Investigators hope that the discovery will shed new light on the deadly crash.

The National Transportation Safety Committee announced on Monday that the cockpit voice recorder (CVR) from last year’s Lion Air crash had been found.

First Fleet Navy Information Agency head Arba Agung told The Jakarta Post that an agency team was being sent to retrieve the CVR from the location where it was found. The team will first clear the mud around the CVR before it can retrieve it.

The committee said in a statement that the CVR had stopped transmitting a location signal as the battery would have lasted only 73 days after the Oct. 29 crash.

Coordinating Maritime Affairs and Fisheries Minister Luhut  Pandjaitan also confirmed the finding.

“It’s very good progress. I think the information in the box might make things clear,” Luhut said.

The Lion Air plane, which crashed in the Java Sea, had faulty airspeed readings during its last four flights.
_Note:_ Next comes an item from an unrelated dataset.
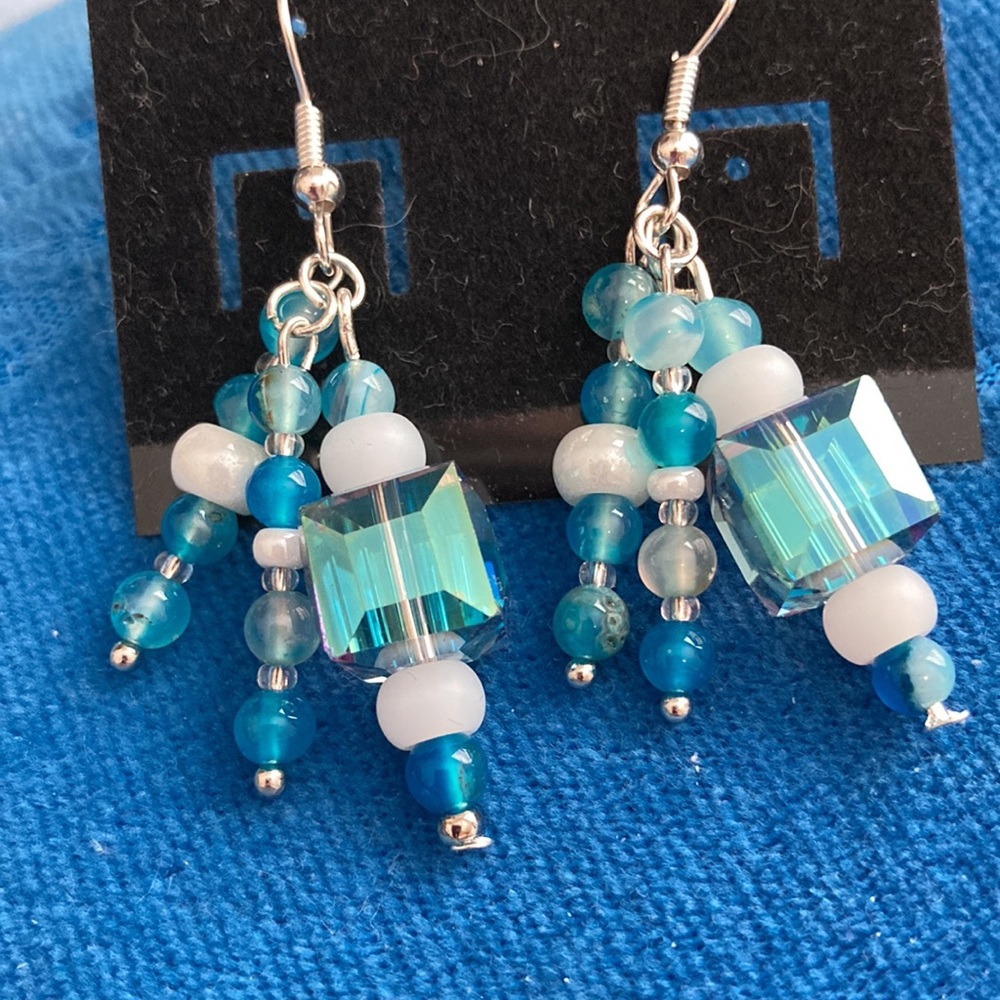 🆕”COOL BLUE” GENUINE AGATE EARRINGS WITH CRYSTAL AND GLASS ACCENTS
The cockpit conversation and background noise recorded by the CVR may be crucial to unraveling what happened during the flight’s final moments, including at least some audio from the previous night’s trip from Denpasar, Bali, to Jakarta. The aircraft experienced problems on the flight from Bali with sensors used to calculate altitude and speed.

The National Search and Rescue Agency (Basarnas) had stopped its search for remaining victims of the crash, which killed all 189 people on board.